◆ WHAT THE TASK REQUIRES: Pictures aside, each record should be reproduced exactly.

◆ INFORMATION SHOWN:
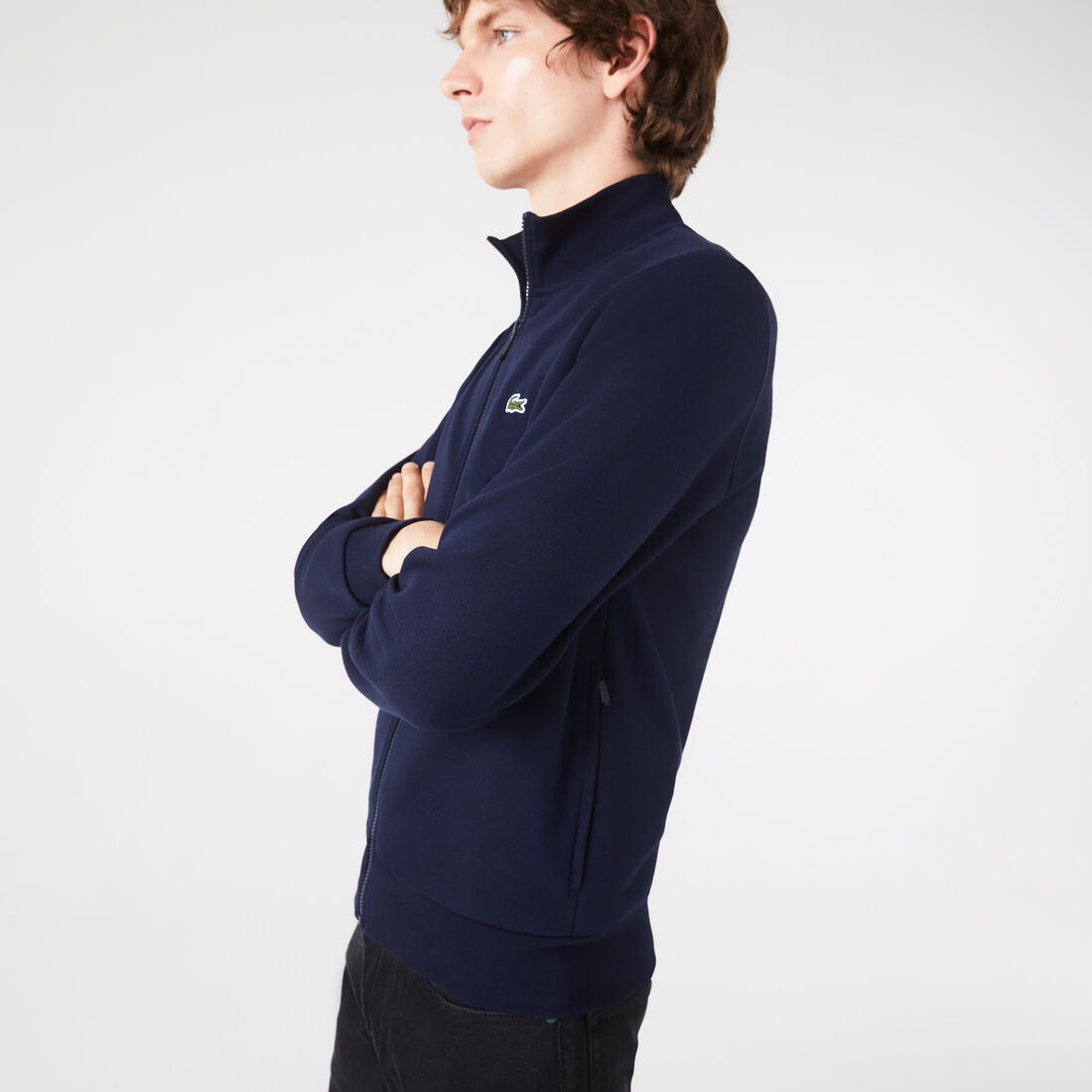 Lacoste Regular Fit Brushed Fleece Zippered Men's Sweatshirts Navy Blue | 270-LVOXEZ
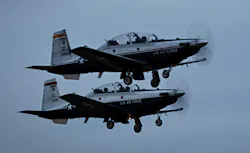 Two T-6A Texans take off from the runway at Laughlin Air Force Base earlier this year. Two T-6A Texans take off from the runway at Laughlin Air Force Base earlier this year.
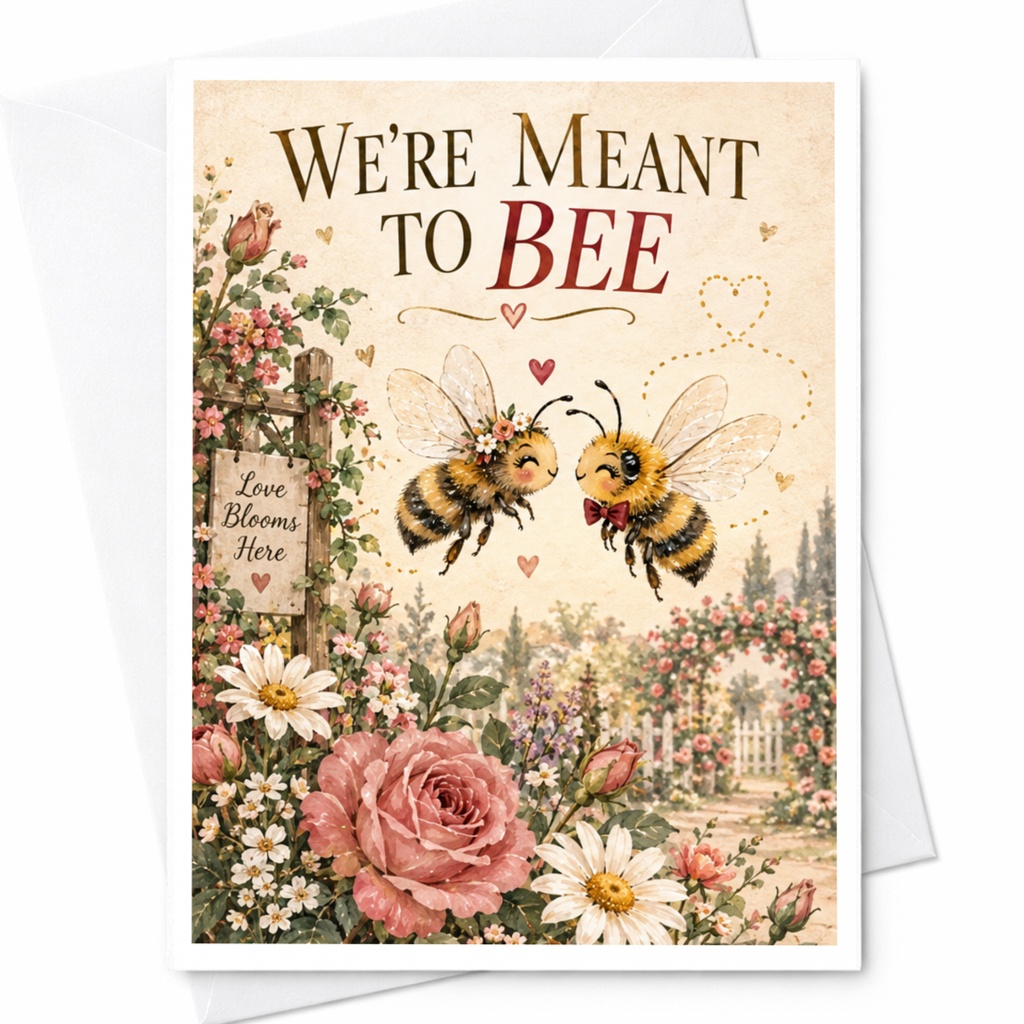 We're Meant To Bee Cute Wedding Card Bees With Flowers Romantic Greeting Card For Couple Love Blooms Here C9252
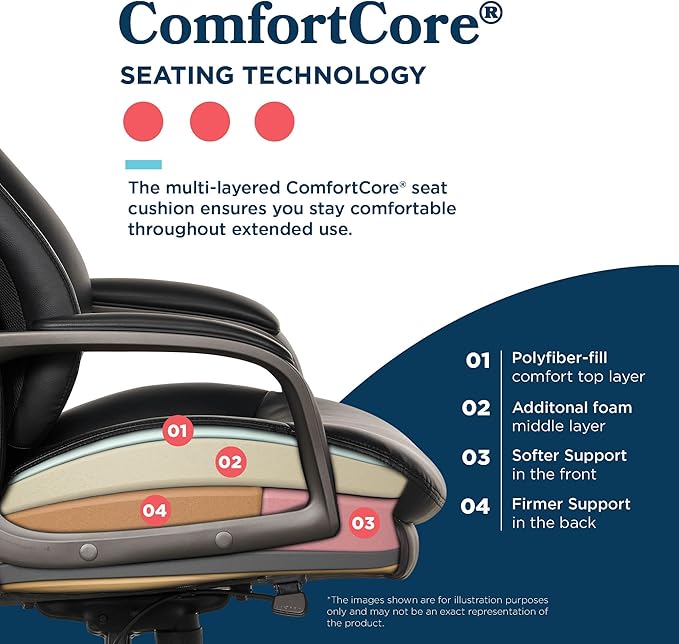 La-Z-Boy Nova Executive Office Chair - Ergonomic High Back Desk Chair with AIR Lumbar Support - Comfortable ComputerChair for Home Office - Vegan Leather - Black
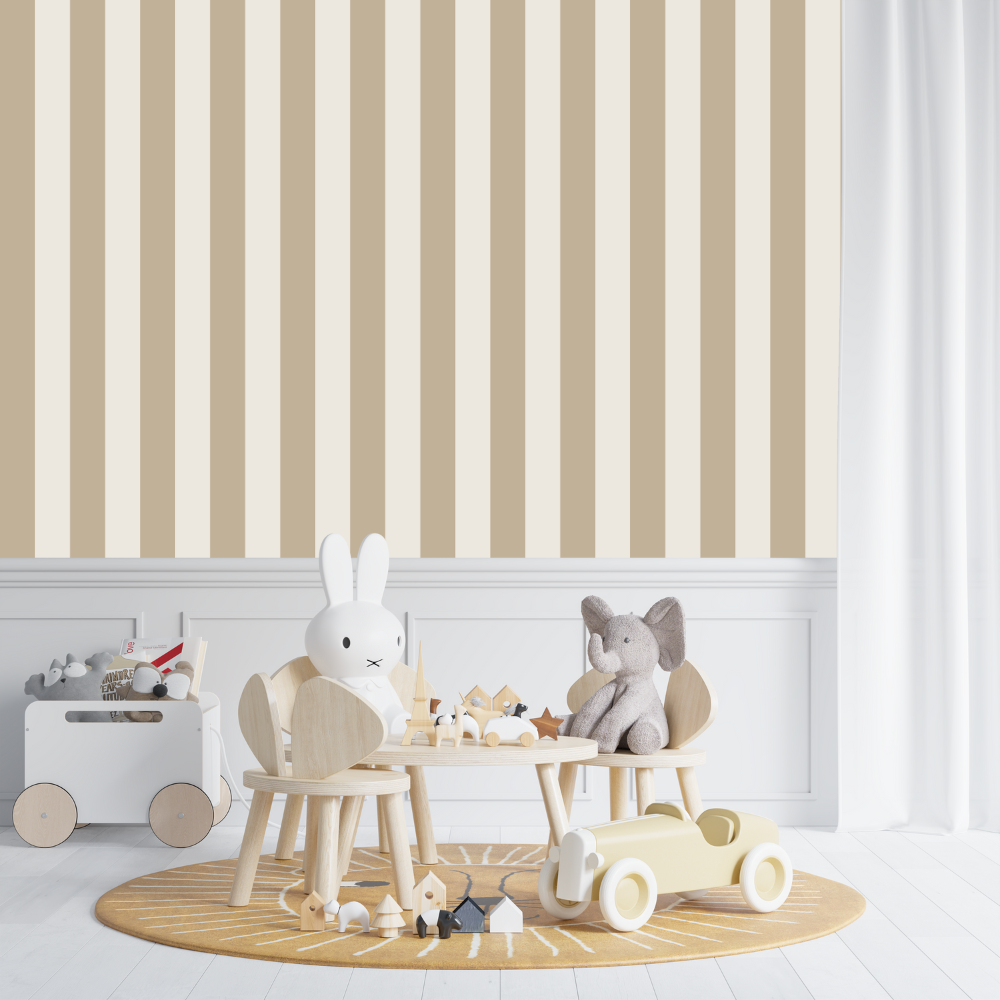 Papier Peint Rayure Beige | Le Petit Intissé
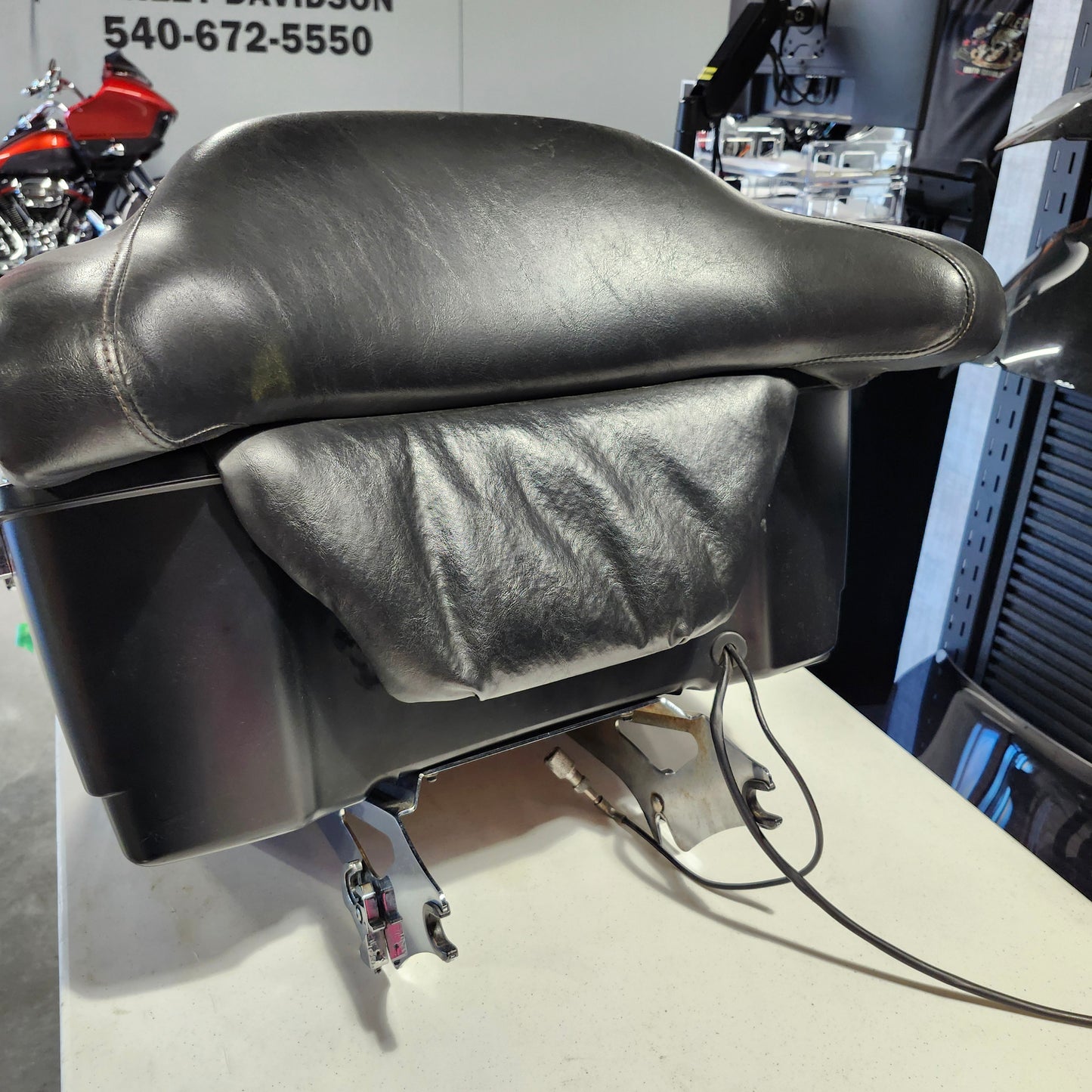 Black denim king pack with Chrome mounting rack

◆ ANSWER TO THE PROBLEM:
 Lacoste Regular Fit Brushed Fleece Zippered Men's Sweatshirts Navy Blue | 270-LVOXEZ
 Two T-6A Texans take off from the runway at Laughlin Air Force Base earlier this year. Two T-6A Texans take off from the runway at Laughlin Air Force Base earlier this year.
 We're Meant To Bee Cute Wedding Card Bees With Flowers Romantic Greeting Card For Couple Love Blooms Here C9252
 La-Z-Boy Nova Executive Office Chair - Ergonomic High Back Desk Chair with AIR Lumbar Support - Comfortable ComputerChair for Home Office - Vegan Leather - Black
 Papier Peint Rayure Beige | Le Petit Intissé
 Black denim king pack with Chrome mounting rack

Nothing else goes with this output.